Wann wird der neue Rechtsrahmen für staatliche Beihilfen voraussichtlich in Kraft treten?
Kurz vor Ende 2024 sind die Verhandlungen über die Bilateralen III noch nicht abgeschlossen. Trotz erheblicher Fortschritte sind zentrale Fragen wie staatliche Beihilfen und Zuwanderung nach wie vor ungelöst. Das früheste optimistische Szenario für den Abschluss der Verhandlungen ist irgendwann im Jahr 2025.

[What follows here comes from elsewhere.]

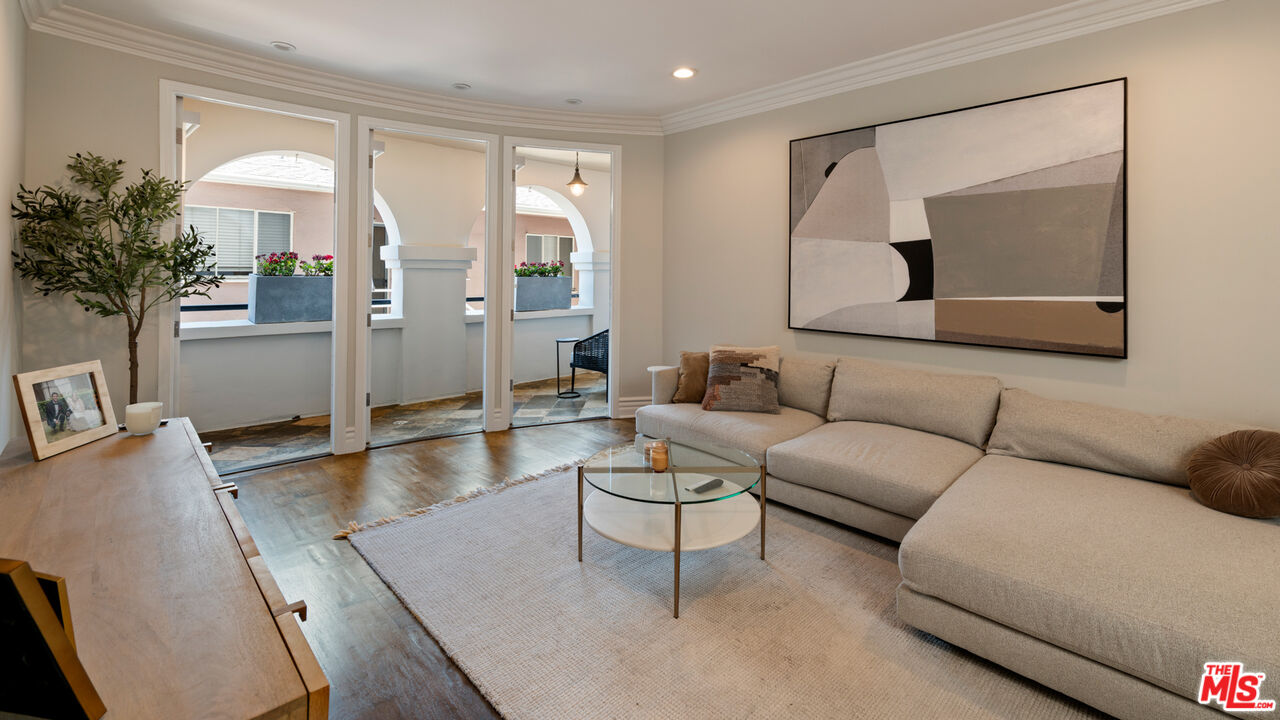 10364 Almayo Avenue, Unit 205 Los Angeles, CA 90064 - Photo 18 of 27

Angesichts der Komplexität des Abkommens und der erforderlichen Genehmigungsverfahren, einschliesslich möglicher Schweizer Volksabstimmungen, ist es unwahrscheinlich, dass die Bilateralen III als Paket vor 2027 in Kraft treten. Dieser Zeitplan ermöglicht den Abschluss der Verhandlungen, die Ausarbeitung und Umsetzung der erforderlichen Rechtsvorschriften sowie die gegenseitige Ratifizierung.
Das Bilateralen III-Abkommen stellt eine entscheidende Gelegenheit dar, die Beziehungen zwischen der EU und der Schweiz zu stärken und zu modernisieren. Durch die Behandlung kritischer Bereiche wie staatliche Beihilfen, Elektrizität, Luftverkehr und Landverkehr zielt das Abkommen darauf ab, einen fairen Wettbewerb zu gewährleisten, die Transparenz zu verbessern und die rechtlichen Rahmenbedingungen anzugleichen. Dieser umfassende Ansatz unterstreicht das Engagement der EU und der Schweiz für die Förderung einer stabilen und für beide Seiten vorteilhaften Partnerschaft.